Time attributes the rise of the halal economy to the world's 1.6 billion Muslims, most of whom are younger and, in some places at least, richer than ever. Seeking to exploit that huge market, non-Muslim multinationals like Tesco, McDonald's and Nestlé have expanded their Muslim-friendly offerings and now control an estimated 90% of the global halal market.
Beyond halal food, the global economic crisis has brought attention to Islamic finance as an alternative for both Muslim and non-Muslim customers. In a recent article, the Vatican newspaper Osservatore Romano has voiced its approval of Islamic finance. The Vatican paper wrote that banks should look at the rules of Islamic finance to restore confidence amongst their clients at a time of global economic crisis. “The ethical principles on which Islamic finance is based may bring banks closer to their clients and to the true spirit which should mark every financial service,” the Osservatore Romano said. “ Western banks could use tools such as the Islamic bonds, known as sukuk, as collateral”. Sukuk may be used to fund the “‘car industry or the next Olympic Games in London,” the article says.
Investors are attracted by Islamic banking's more conservative approach: Islamic law forbids banks from charging interest (though customers pay fees) and many scholars discourage investment in excessively leveraged companies. Though it currently accounts for just 1% of the global market, the Islamic finance industry's value is growing at around 15% a year, and could reach $4 trillion in five years, up from $500 billion today, according to a 2008 report from Moody's Investors Service.
Pakistan's Islamic banks plan to expand their network of outlets this year to take advantage of rising demand for Shariah-compliant financing according to Pervez Said, director of Islamic banking at the State Bank of Pakistan. These banks have 500 branches, after adding 210 outlets last year. Pakistan is promoting growth in Islamic finance to expand the reach of the banking sector which has less than 25 million deposit accounts. Shariah-compliant facilities are forecast to rise to 277 billion rupees ($3.5 billion) this year from 185 billion in 2008, according to the central bank data.

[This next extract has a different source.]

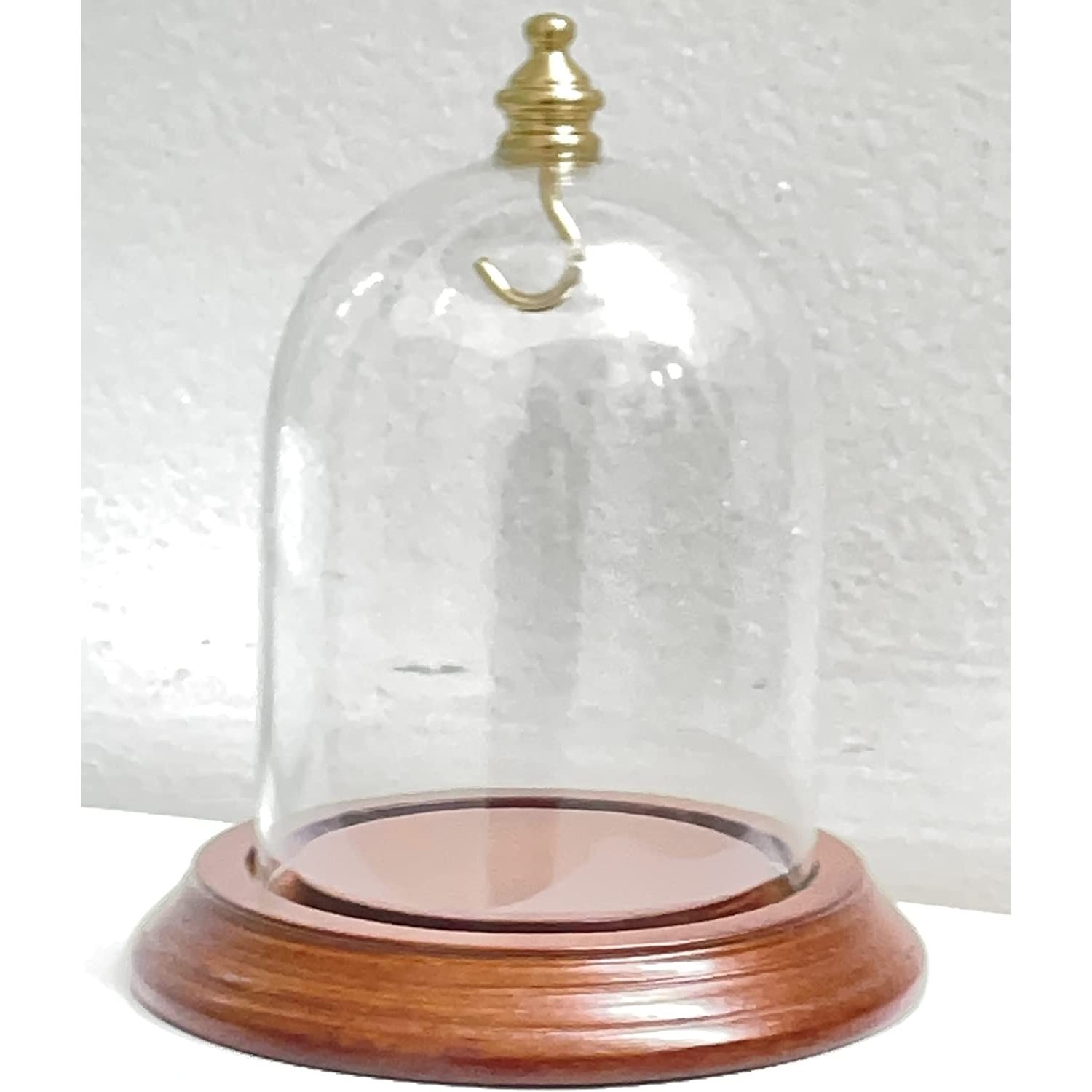 3 x 4" Glass Display Dome with Gold Hook and Solid Walnut Base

French retail giant Carrefour has been selling Halal products in many Muslim countries for several years now. In fact, Carrefour Malaysia created a unique program in collaboration with the Ministry of Domestic Trade and Consumers Affairs. The company has a dedicated team to monitor and assist small and medium-sized enterprises to develop Halal products, which will be distributed through the Carrefour chains in Malaysia and other countries.

Carrefour is the second largest hypermarket in the world, while Carrefour Malaysia set up its Halal Department in 2006.

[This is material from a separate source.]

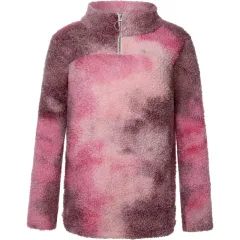 Plush Zipper Long-sleeved Tie-dye Sweater Sweater Coat - Red - View 1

Carrefour is now looking to expand in several more Muslim countries, including Pakistan. “We are not interested in what I call ‘ French North Africa’, so in the west we won’t go beyond Libya. To the east we are looking at markets like Iran and Pakistan. India is too far away for us.” François de Montaudouin, chief executive of Majid Al Futtaim Group, said recently.

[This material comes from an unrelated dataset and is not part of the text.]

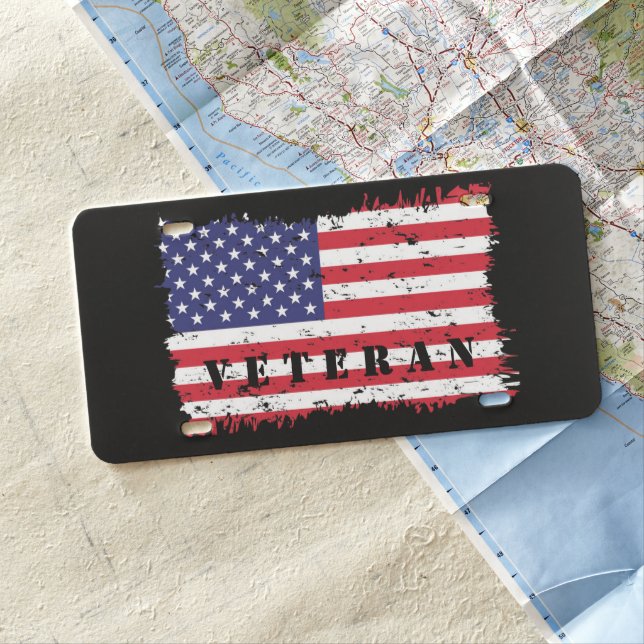 Veteran Flag License Plate (In Situ)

Former Nixon adviser and now an American-Muslim commentator, Robert D. Crane, recently described "the universal principles of what may be called Islamic economics, not the glitzy stuff of the so-called Islamic banks but the maqasid al shari’ah or universal and essential purposes of justice as taught principally in the haqq al mal of classical Islamic thought, first revived in the modern era by Grand Mufti Ibn Ashur’s book, Maqasid al Shari’ah, published in 1946 and translated by the International Institute of Islamic Thought in 2007". Crane says that "these provide a new paradigm ready to replace the bankrupt paradigm of concentrated power that dominates in both socialism and capitalism."
The dramatic growth of interest in Halal business and finance can be measured by many international conferences and expos held each year to bring together various regional and international players. A number of major events are planned this year in Asia, Middle East and Europe.
While the Islamic finance is still early in its early development stage, I see it as a crucial vehicle to ensuring in the future that significant part of the wealth of Muslim investors is invested with Muslim businesses in Muslim nations to help them develop. Already, the biggest foreign direct investors in Pakistan are Muslims from Dubai, Malaysia and the Middle East.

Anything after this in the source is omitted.